Hay una segunda tentación, la de caer
en una «fe de mapa». Podemos caminar con el pueblo de Dios, pero tenemos
nuestra hoja de ruta, donde entra todo: sabemos dónde ir y cuánto tiempo se tarda;
todos deben respetar nuestro ritmo y cualquier inconveniente nos molesta.
Corremos el riesgo de hacernos como aquellos «muchos» del Evangelio, que
pierden la paciencia y reprochan a Bartimeo. Poco antes habían reprendido a los
niños (cf. 10,13), ahora al mendigo ciego: quien molesta o no tiene categoría,
ha de ser excluido. Jesús, por el contrario, quiere incluir, especialmente a
quienes están relegados al margen y le gritan. Estos, como Bartimeo, tienen fe,
porque saberse necesitados de salvación es el mejor modo para encontrar a
Jesús.
Y, al final, Bartimeo se puso a
seguir a Jesús en el camino (cf. v. 52). No sólo recupera la vista, sino que se
une a la comunidad de los que caminan con Jesús. Queridos hermanos sinodales,
hemos caminado juntos.

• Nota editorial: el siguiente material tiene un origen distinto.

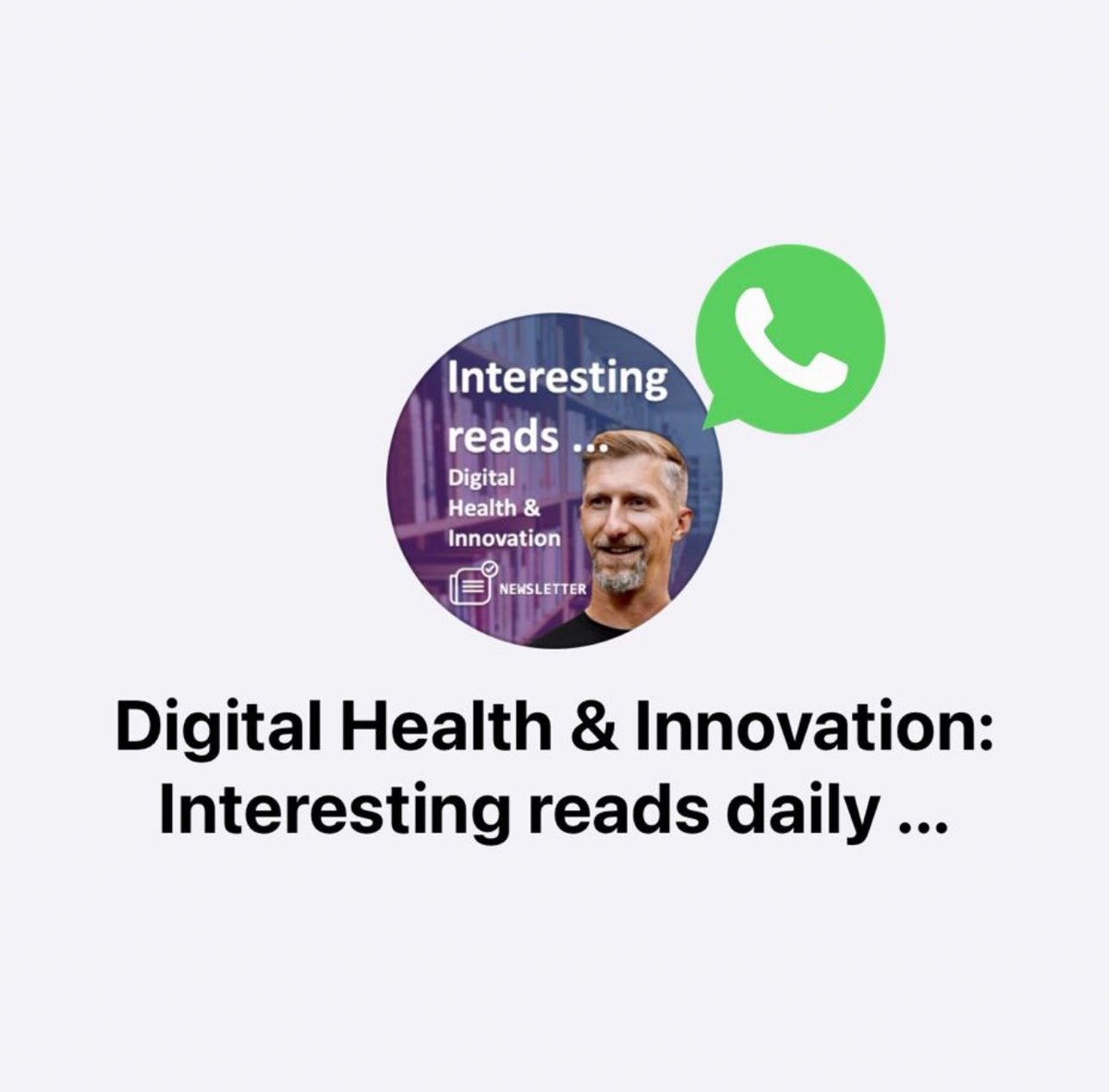 Recently, we've started sharing daily interesting reads on our new WhatsApp channel. If you're interested, subscribe to stay updated! 🌐⇢ lnkd.in/d28a3Mz6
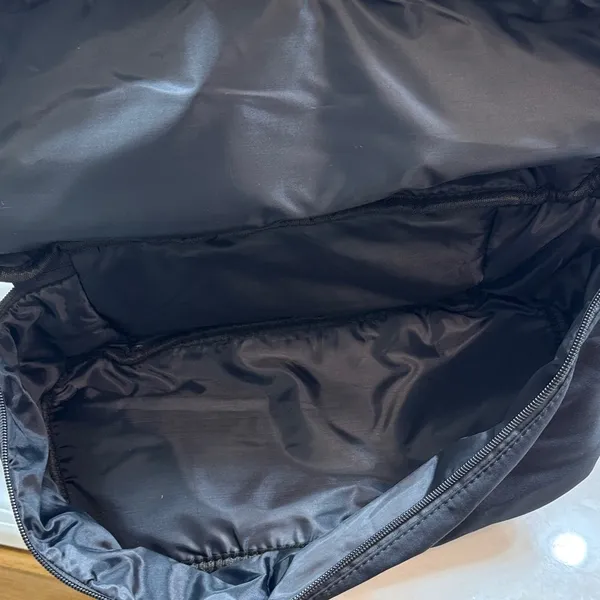 Beyond Yoga Black Convertible Drawstring Tote - Image 9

Les doy las gracias por el camino que hemos compartido
con la mirada puesta en el Señor y en los hermanos, en busca de las sendas que
el Evangelio indica a nuestro tiempo para anunciar el misterio de amor de la
familia. Sigamos por el camino que el Señor desea. Pidámosle a él una mirada
sana y salvada, que sabe difundir luz porque recuerda el esplendor que la ha
iluminado. Sin dejarnos ofuscar nunca por el pesimismo y por el pecado,
busquemos y veamos la gloria de Dios que resplandece en el hombre viviente.